(Work order) Exactly the lines below starting at the line with "Liz Claiborne Argyle" and ending at the line with "Photo - 476 Blagdon Ct" are wanted, with both ends included. Leave out the pictures and add no other lines.

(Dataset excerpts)

BEGIN

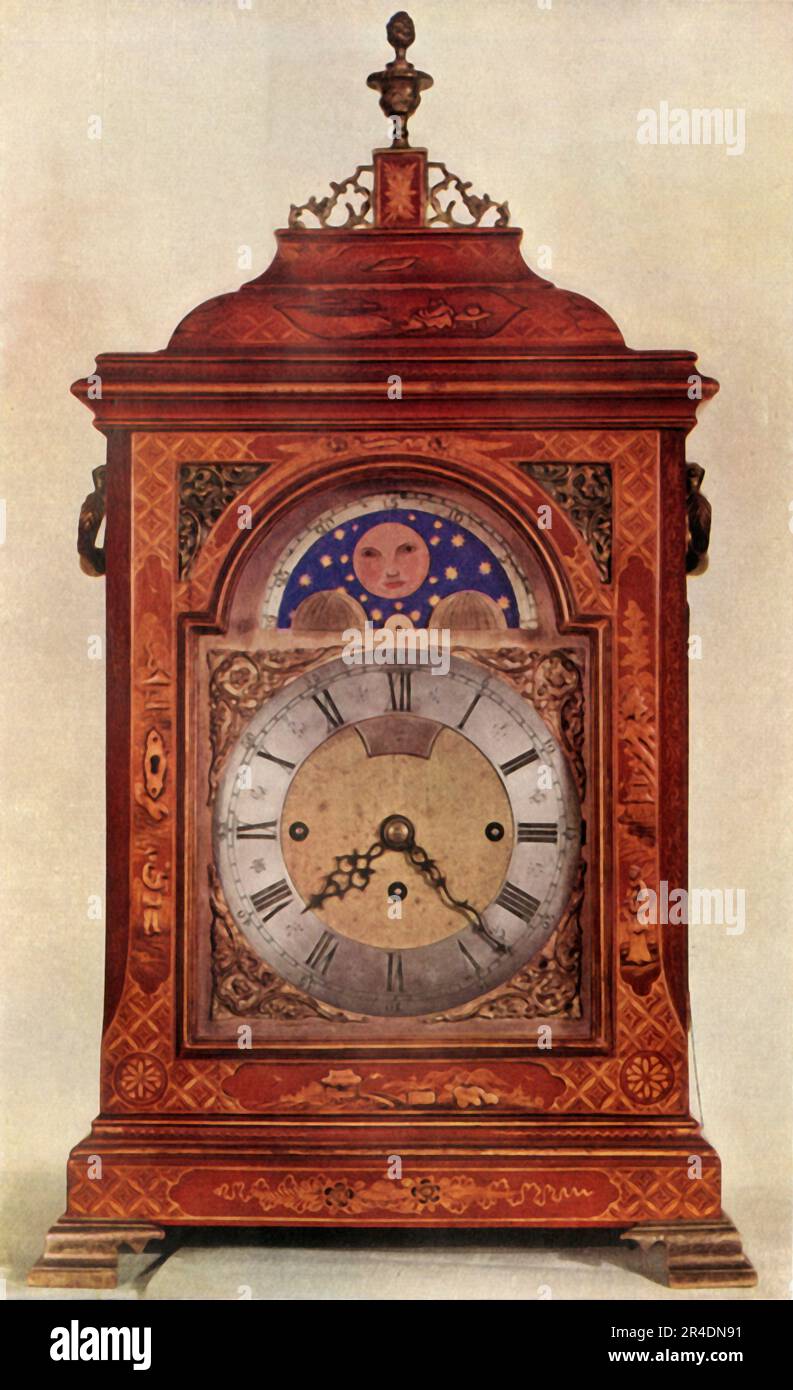 'Chiming Mantel Clock with MoonWork in Red and Gold Lacquer Case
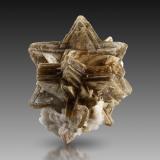 Muscovite<br />Mamona pegmatite, Araçuaí, Vale do Jequitinhonha, Minas Gerais, Brazil<br />9.5 x 8 x 11 cm / main crystal: 9.5 cm<br /> (Author: MIM Museum)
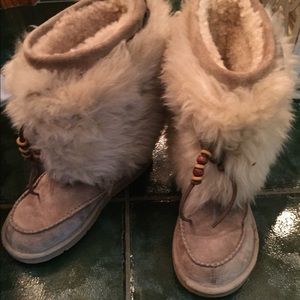 ON HOLD !!! Ugg fur boots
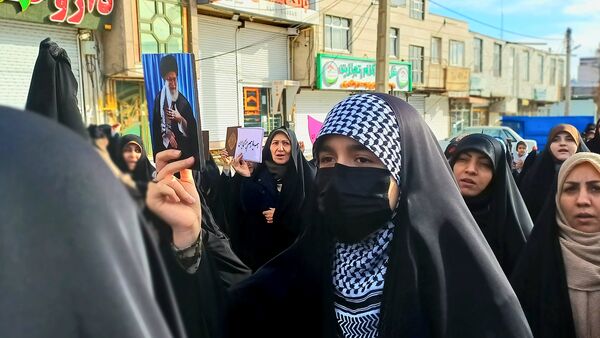 هم صدایی مردم رزن برای سرکوب اغتشاشات 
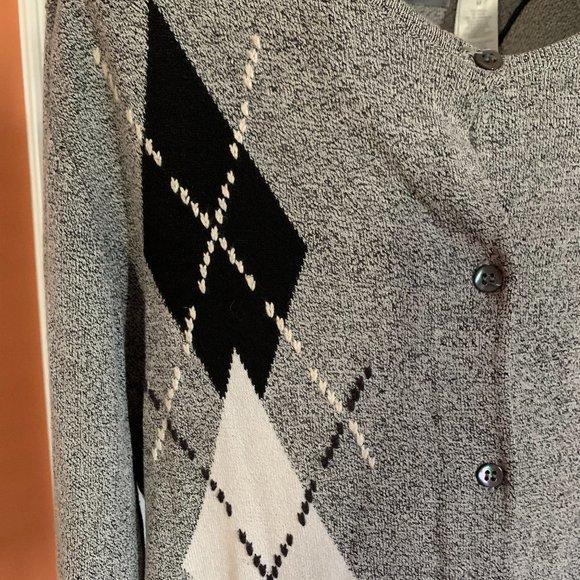 Liz Claiborne Argyle Sweater - Picture 3 of 6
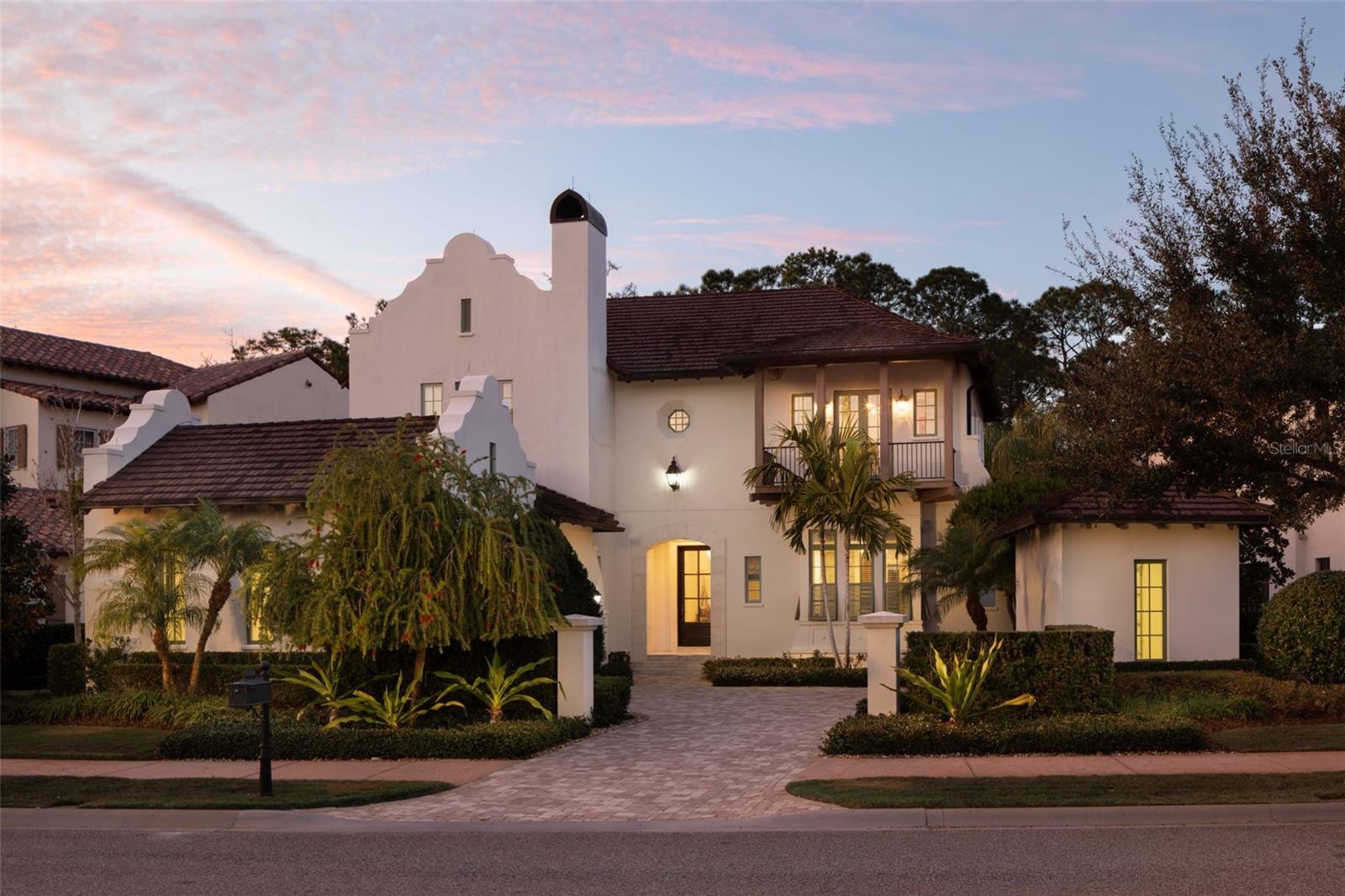 Sold Data Entry Only. Golden Oak at Walt Disney World® Resort is a residential resort community where families can live in the embrace of luxury, privacy and the magic of Disney. This gated community features distinctive neighborhoods of magnificent homes, expansive natural preserves and inviting amenities—including access to Golden Oak’s private clubhouse, Summerhouse, with superb food offerings served in a casually elegant dining room, courtyards, pool area, fitness facilities, and family room. In addition, residents have access to Club Life, Your Special Connection to the Magic, including access to the Golden Oak Member Services team, park transportation, signature club events, theme park experiences, Extra Magic Hours and much, much, more. Also at Golden Oak is Four Seasons Resort Orlando at Walt Disney World Resort, which hosts an 18-hole Tranquilo golf course, full-service spa, meeting facilities, and superlative restaurants.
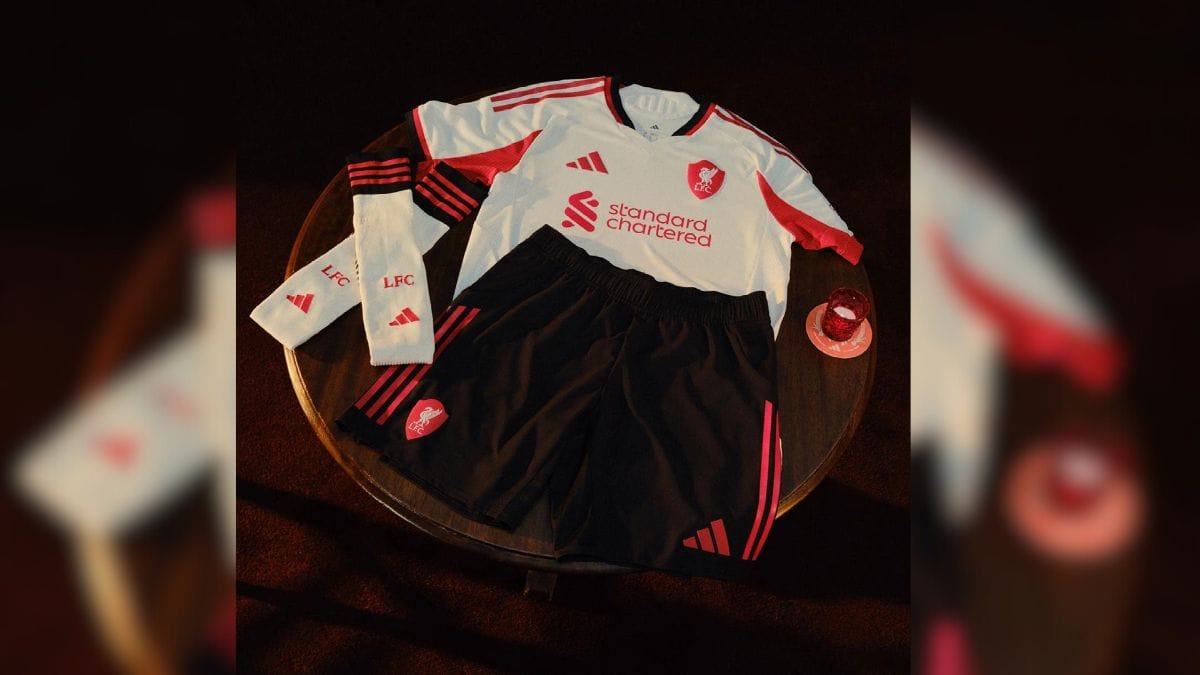 Novas camisas do Liverpool (Foto: divulgação LFC)
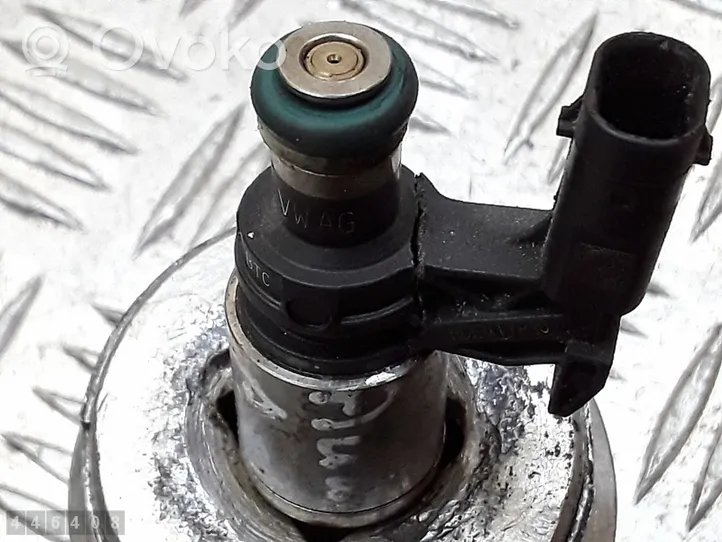 Audi A1 Fuel injector 04e906036ae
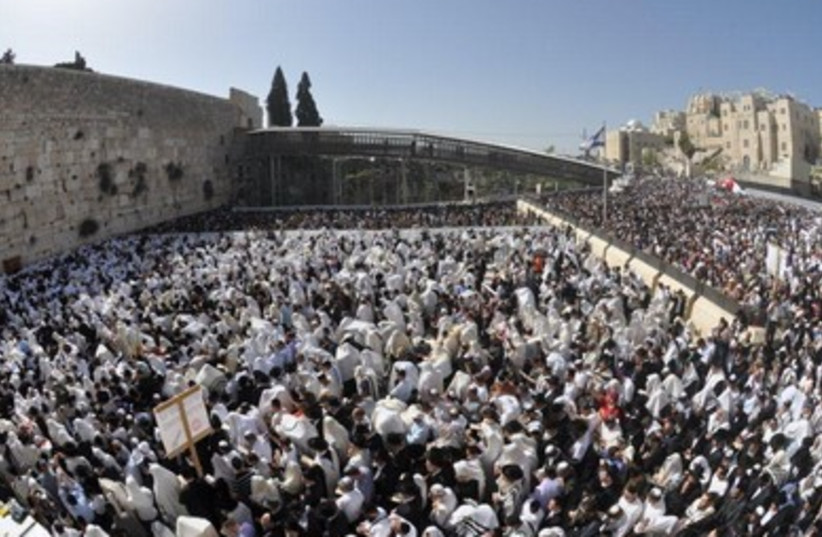 Thousands from all over the world gather at  the Kotel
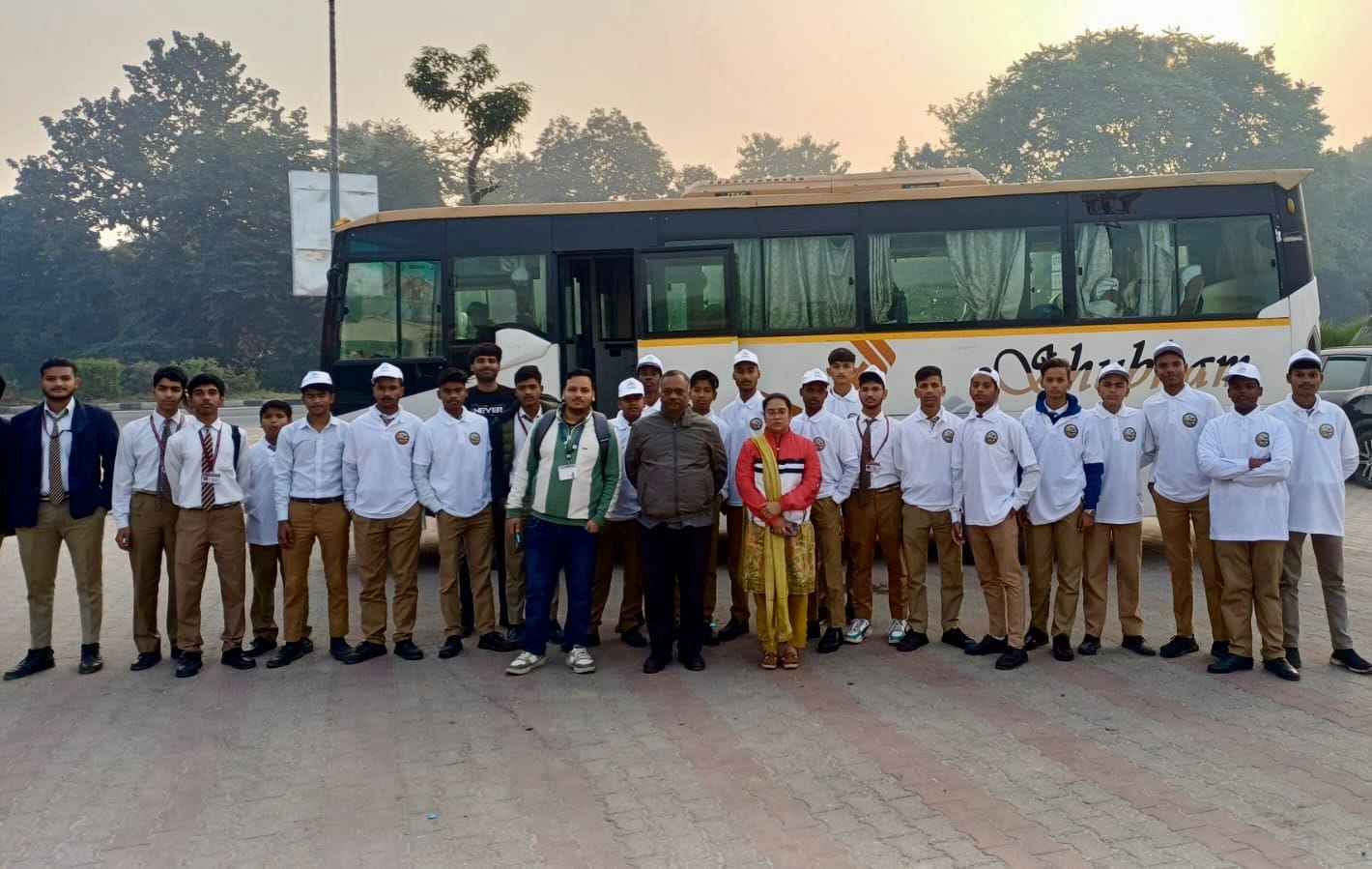ईको टूरिज्म विकास बोर्ड ने बाल दिवस पर शनिवार को लखनऊ के राजकीय जुबिली इंटर कॉलेज के विद्यार्थि ईको टूरिज्म विकास बोर्ड ने बाल दिवस पर शनिवार को लखनऊ के राजकीय जुबिली इंटर कॉलेज के विद्यार्थि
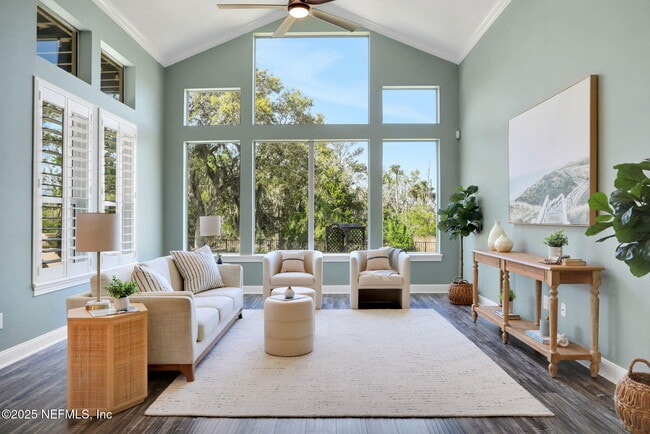 Photo - 476 Blagdon Ct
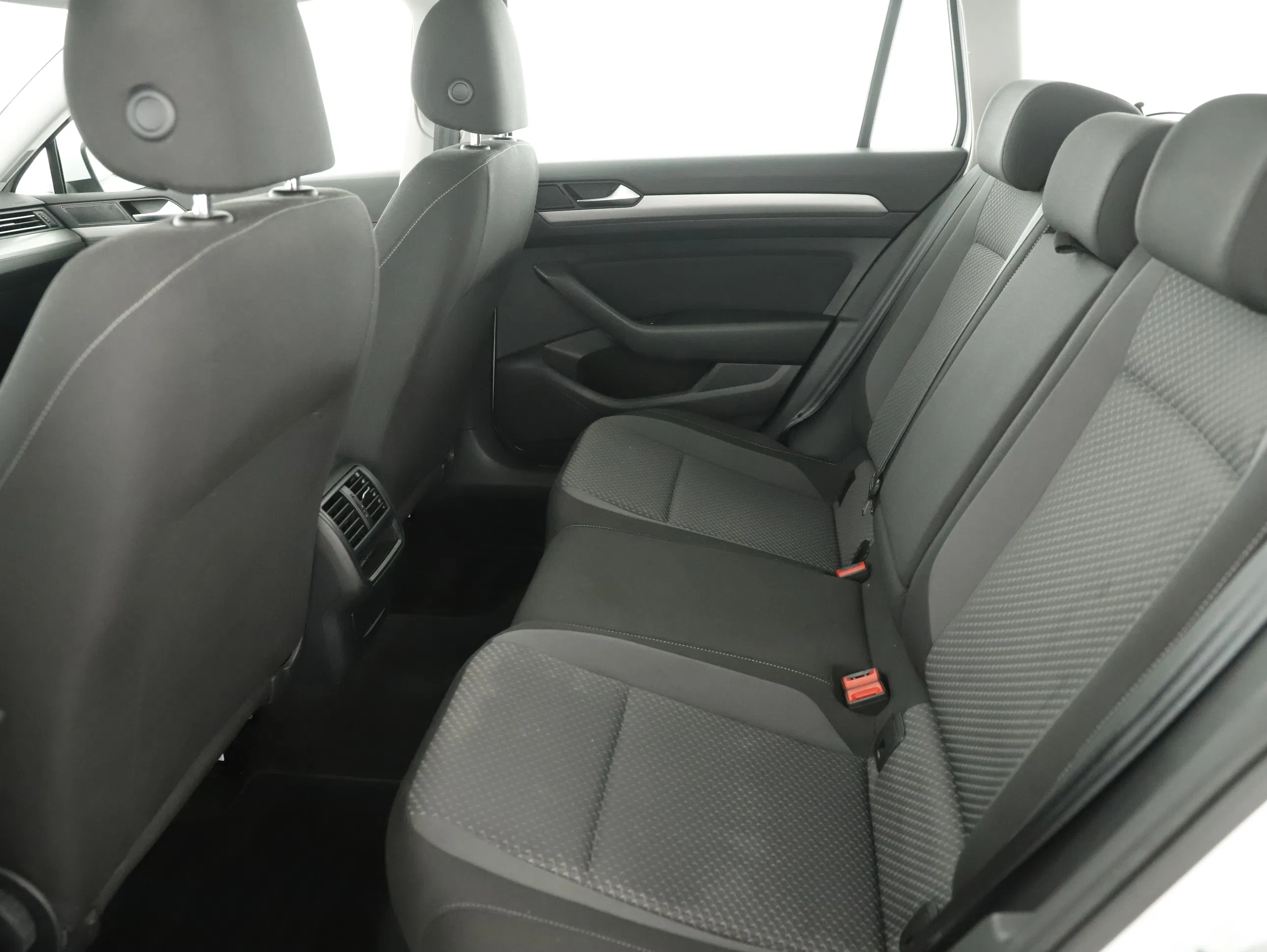 VW Passat Variant 2.0 TDI BMT | Bild 25 von 30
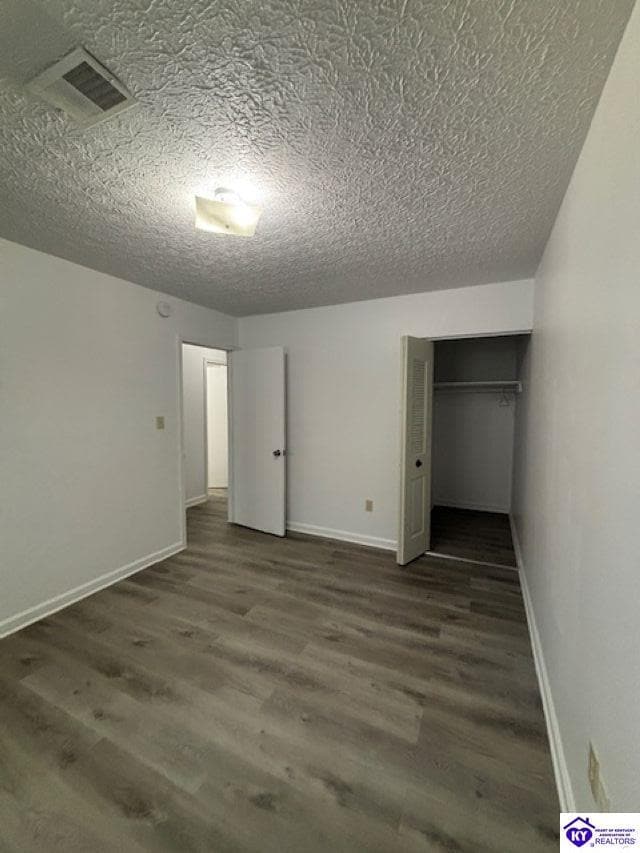 Building Photo - 1204 Clear Ridge Ln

END

(Written answer)
 Liz Claiborne Argyle Sweater - Picture 3 of 6
 Sold Data Entry Only. Golden Oak at Walt Disney World® Resort is a residential resort community where families can live in the embrace of luxury, privacy and the magic of Disney. This gated community features distinctive neighborhoods of magnificent homes, expansive natural preserves and inviting amenities—including access to Golden Oak’s private clubhouse, Summerhouse, with superb food offerings served in a casually elegant dining room, courtyards, pool area, fitness facilities, and family room. In addition, residents have access to Club Life, Your Special Connection to the Magic, including access to the Golden Oak Member Services team, park transportation, signature club events, theme park experiences, Extra Magic Hours and much, much, more. Also at Golden Oak is Four Seasons Resort Orlando at Walt Disney World Resort, which hosts an 18-hole Tranquilo golf course, full-service spa, meeting facilities, and superlative restaurants.
 Novas camisas do Liverpool (Foto: divulgação LFC)
 Audi A1 Fuel injector 04e906036ae
 Thousands from all over the world gather at  the Kotel
ईको टूरिज्म विकास बोर्ड ने बाल दिवस पर शनिवार को लखनऊ के राजकीय जुबिली इंटर कॉलेज के विद्यार्थि ईको टूरिज्म विकास बोर्ड ने बाल दिवस पर शनिवार को लखनऊ के राजकीय जुबिली इंटर कॉलेज के विद्यार्थि
 Photo - 476 Blagdon Ct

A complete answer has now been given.